The economy was corrected by the middle of Reagan’s first presidency, but then he spoilt it all by opting for towering deficits again (economics bored the former actor to tears).
When George Bush became president in 1989, he kept up the bad work, running annual deficits of an average $150bn-plus and forcing treasury to plug the gap by raising loans at great cost to the general economy.
Populist politicians with an eye on local votes must take a lot of the blame. When the Fed tightened rates in 1994 during Bill Clinton’s first term, one leading senator got a few headlines by likening this highly responsible action to “a bomber coming along and striking a farmhouse.”
The common denominator in most Americans’ economic views, such as they are, is myopia and insularity.

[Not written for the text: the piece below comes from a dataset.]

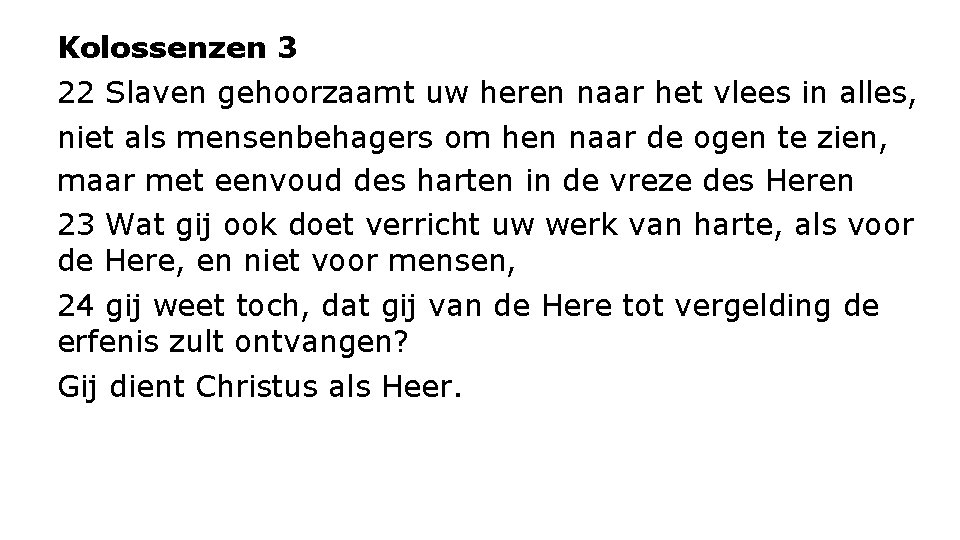 Kolossenzen 3 22 Slaven gehoorzaamt uw heren naar het vlees in alles, niet als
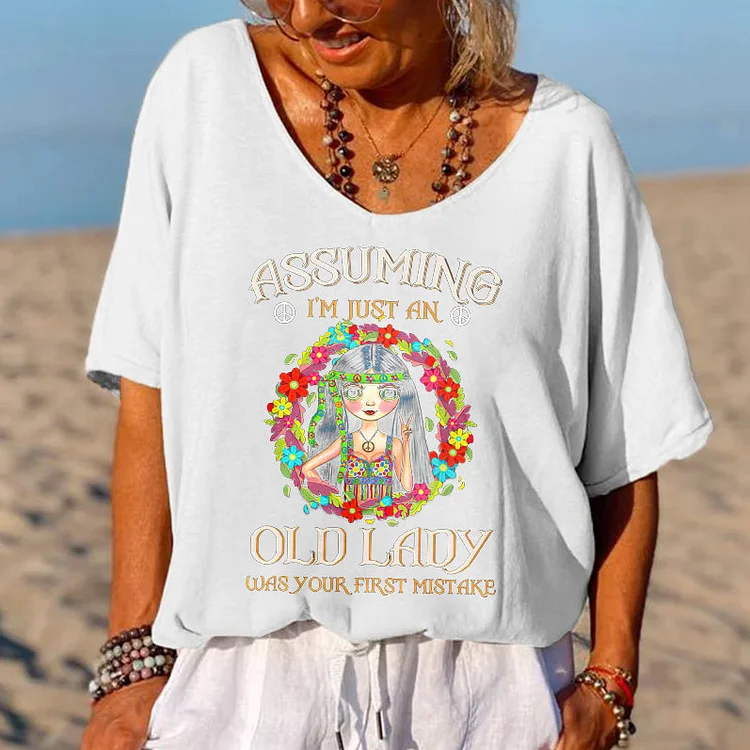 Assuming I'm Just An Old Lady Print Hippie T-shirt socialshop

As former Fed chairman Alan Greenspan notes in his fascinating and highly revealing book The Age of Turbulence, “Americans have always resisted the idea that a foreign country’s problems can have major consequences for the United States.”
Rare among presidents, Clinton was a champion of fiscal discipline. By his second term the surpluses were so huge that debt was down to zero. Sure enough, Republican congressmen demanded $800bn in tax cuts over 10 years. Clinton vetoed the bill.
Then George W Bush undid all the good work, declaring “Tax cuts, so help me God,” when he took office in 2000. Within six months federal spending was rampant and the US economy was in the red.
Today, the net result is painfully visible in America’s current account deficit – in effect the reflection of its dollar dealings with the rest of the world. In 1991, the measure stood at zero. By 2006, it was 6.5 percent. This year it will be 10.8 percent, by the IMF’s reckoning.
Here’s a number to ponder. Boosted by massive bouts of economy-pumping quantitative easing, America’s net government debt now stands at 70 percent of gross domestic product, higher than some of the most troubled European economies. It’s little wonder that the BRICS, complaining of “the deficiencies of the current international monetary system,” launched in April a structure for bilateral trading in their own currencies rather than in the dollar.
A crack has been opened in the greenback’s global role, and it can only widen.